AMD's 7000 series GPUs - RDNA 3

leman

Site Champ
Posts
643
Reaction score
1,197
I am a bit confused about their 2x claimed ALU throughput claims. From Anandtech:

The biggest impact is how AMD is organizing their ALUs. In short, AMD has doubled the number of ALUs (Stream Processors) within a CU, going from 64 ALUs in a single Dual Compute Unit to 128 inside the same unit. AMD is accomplishing this not by doubling up on the Dual Compute Units, but instead by giving the Dual Compute Units the ability to dual-issue instructions. In short, each SIMD lane can now execute up to two instructions per cycle.

How is that supposed to work?

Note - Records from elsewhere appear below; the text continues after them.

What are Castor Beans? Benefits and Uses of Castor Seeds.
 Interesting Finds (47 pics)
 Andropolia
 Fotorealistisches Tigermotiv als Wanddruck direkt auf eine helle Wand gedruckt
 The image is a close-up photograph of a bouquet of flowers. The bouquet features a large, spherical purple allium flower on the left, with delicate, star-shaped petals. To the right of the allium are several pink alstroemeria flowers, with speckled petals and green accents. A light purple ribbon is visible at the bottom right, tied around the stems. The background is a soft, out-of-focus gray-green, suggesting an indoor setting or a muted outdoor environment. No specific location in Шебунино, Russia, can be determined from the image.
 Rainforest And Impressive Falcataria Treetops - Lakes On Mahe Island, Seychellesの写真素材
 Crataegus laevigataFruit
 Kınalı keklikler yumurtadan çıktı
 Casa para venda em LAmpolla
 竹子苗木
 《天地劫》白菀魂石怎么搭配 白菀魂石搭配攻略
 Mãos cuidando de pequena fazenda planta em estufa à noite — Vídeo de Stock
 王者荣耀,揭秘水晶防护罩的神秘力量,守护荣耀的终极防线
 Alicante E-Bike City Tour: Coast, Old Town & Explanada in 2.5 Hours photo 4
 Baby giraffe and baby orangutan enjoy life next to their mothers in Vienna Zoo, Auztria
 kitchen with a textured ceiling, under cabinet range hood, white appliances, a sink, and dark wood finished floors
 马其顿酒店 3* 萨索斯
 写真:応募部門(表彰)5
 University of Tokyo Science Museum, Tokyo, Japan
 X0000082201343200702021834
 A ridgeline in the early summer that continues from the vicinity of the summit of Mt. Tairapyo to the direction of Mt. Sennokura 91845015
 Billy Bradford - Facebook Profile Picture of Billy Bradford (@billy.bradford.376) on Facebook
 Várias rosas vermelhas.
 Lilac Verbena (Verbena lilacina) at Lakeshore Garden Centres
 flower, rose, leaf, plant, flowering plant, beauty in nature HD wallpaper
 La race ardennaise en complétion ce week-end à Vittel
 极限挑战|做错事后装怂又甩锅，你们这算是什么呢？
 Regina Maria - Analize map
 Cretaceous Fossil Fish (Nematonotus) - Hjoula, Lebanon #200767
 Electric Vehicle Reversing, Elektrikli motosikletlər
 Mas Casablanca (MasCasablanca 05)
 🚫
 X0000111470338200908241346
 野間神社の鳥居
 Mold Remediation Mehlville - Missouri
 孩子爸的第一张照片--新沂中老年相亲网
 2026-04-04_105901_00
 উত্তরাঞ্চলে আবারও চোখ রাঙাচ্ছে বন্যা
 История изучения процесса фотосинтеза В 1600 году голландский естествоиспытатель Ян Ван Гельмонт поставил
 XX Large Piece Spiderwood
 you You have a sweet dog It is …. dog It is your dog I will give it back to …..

Don't you actually need to double the execution units to execute twice as many instructions instructions per cycle? Can someone with better understanding of the matter explain to me what exactly is happening here?
 

Nycturne

Elite Member
Posts
1,141
Reaction score
1,492
It is rather confusingly worded.

I think the key here is this bit "AMD has doubled the number of ALUs (Stream Processors) within a CU". So there are double the ALUs to execute the operations, based on what AMD was claiming during the presentation.
 

dada_dave

Elite Member
Posts
2,175
Reaction score
2,171
I am a bit confused about their 2x claimed ALU throughput claims. From Anandtech:



How is that supposed to work? Don't you actually need to double the execution units to execute twice as many instructions instructions per cycle? Can someone with better understanding of the matter explain to me what exactly is happening here?
It is rather confusingly worded.

I think the key here is this bit "AMD has doubled the number of ALUs (Stream Processors) within a CU". So there are double the ALUs to execute the operations, based on what AMD was claiming during the presentation.

I think what the key bit is what they say next:

But, as with all dual-issue configurations, there is a trade-off involved. The SIMDs can only issue a second instruction when AMD’s hardware and software can extract a second instruction from the current wavefront. This means that RDNA 3 is now explicitly reliant on extracting Instruction Level Parallelism (ILP) from wavefronts in order to hit maximum utilization. If the next instruction in a wavefront cannot be executed in parallel with the current instruction, then those additional ALUs will go unfilled.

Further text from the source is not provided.